How can it be 2012 and not a single female was hired to direct on the majority of prime time dramas, comedies, or reality series airing on ABC, CBS, CW, Fox, and NBC? Why are we not outraged?
Television is one of America’s most influential exports. Sponsored by companies that court the female consumers and the ultimate transmitter of vital, viral cultural messaging around the world, one would think that women’s voices would have immense, tangible value.
In politics we think of Hollywood as a progressive environment. Isn’t this is the nation where presidents court moguls and movie stars who help elect liberals? And yet there are more women in Congress than women working behind the camera. Women have made strides in every segment of other traditionally male-dominated industries including banking, medicine, technology, manufacturing, law and even trucking! Why not Hollywood?
At a recent panel of successful women in motion pictures, one of the few women running a studio today pondered aloud why more women weren’t directing movies. A brave heckler stood up from the crowd and shouted, “Why don’t you hire some?” Embarrassed, the executive finally admitted that she didn’t know many.
Well, we’re out here, well-trained, ready to go. As co-chair of the Directors Guild of America Women’s Steering Committee, I will lead you toward a squadron of brilliant, skilled women directors. According to the most recent edition of the DGA Directory of Members, there are 1100 women directors. These are not women who want to direct, but experienced directors. A veritable army is waiting.

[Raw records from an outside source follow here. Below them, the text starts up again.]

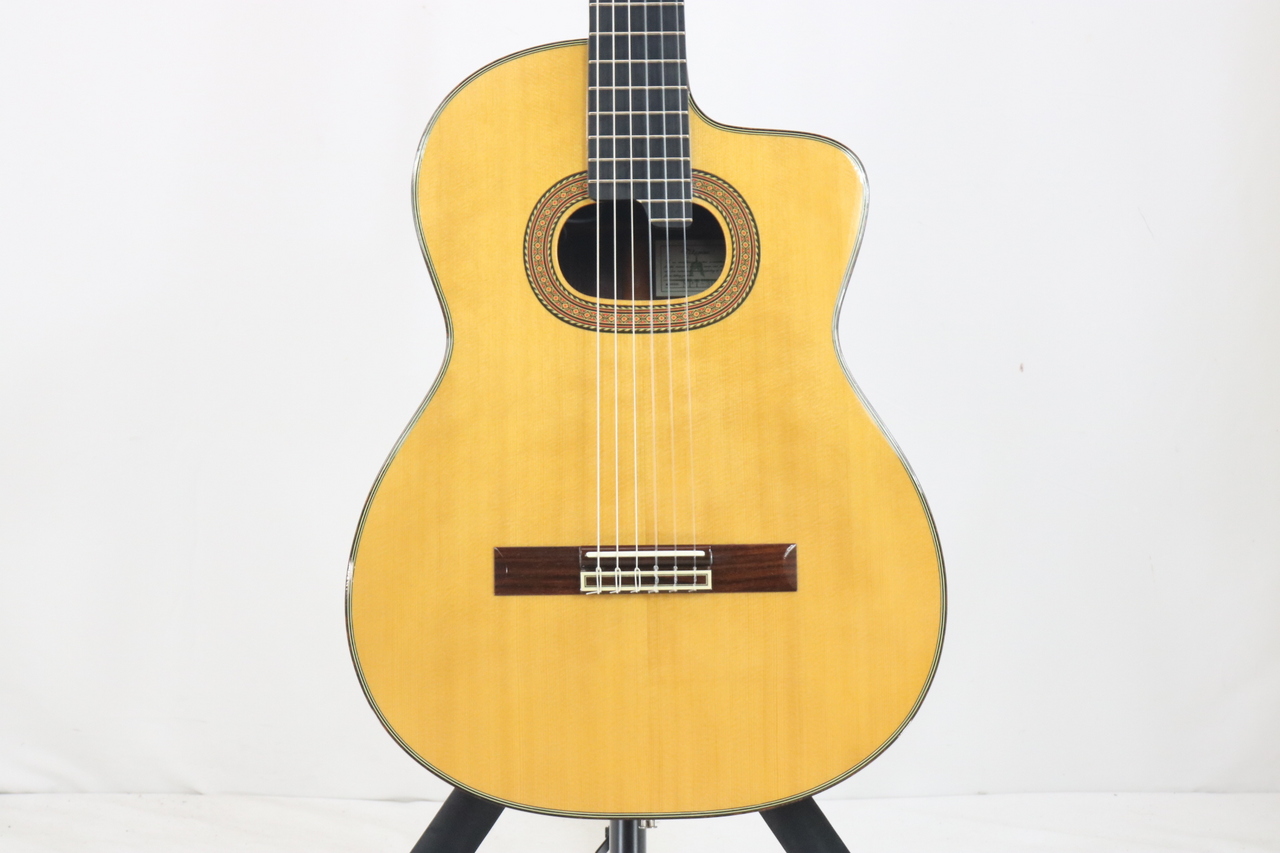 Takamine NPT-315（中古）【楽器検索デジマート】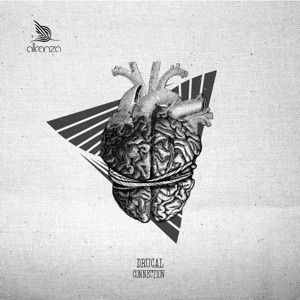 Connection - Single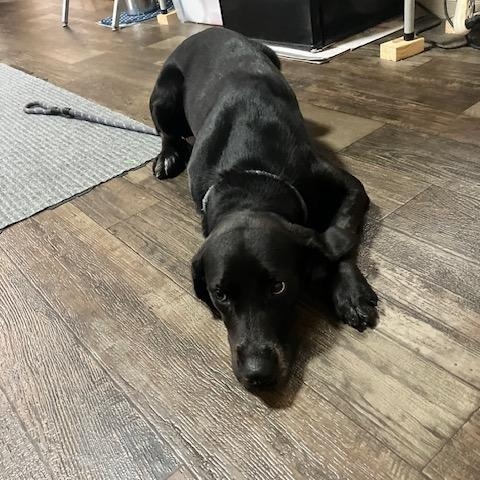 Enlarge BOOT 242-26, a Adoptable mixed breed in Cambridge, OH image 3/4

Admittedly, women’s resumes can sometimes look different from a traditional male bio and it might take a small measure of imagination and instinct to ascertain the right match. Many women, simply because of the absence of opportunity, have cobbled together careers by directing shorts, independent films, theater, creating graphic novels, webisodes and teaching. Some resumes have gaps created by having babies and raising children. Many more women toil in the trenches as Assistant Directors and Unit Production Managers, yearning to move up with few opportunities. It’s high time that our skillful tenacity was valued, not perceived as “less than”, in comparison to men.
Big-name agency representation is another obstacle for many women. Without the validation and veneer of a well-oiled, industry pipeline, access to those who hire is next to impossible. A lawsuit in 1983 prompted some real change. But must we rely upon judges to determine what makes sense and is fair?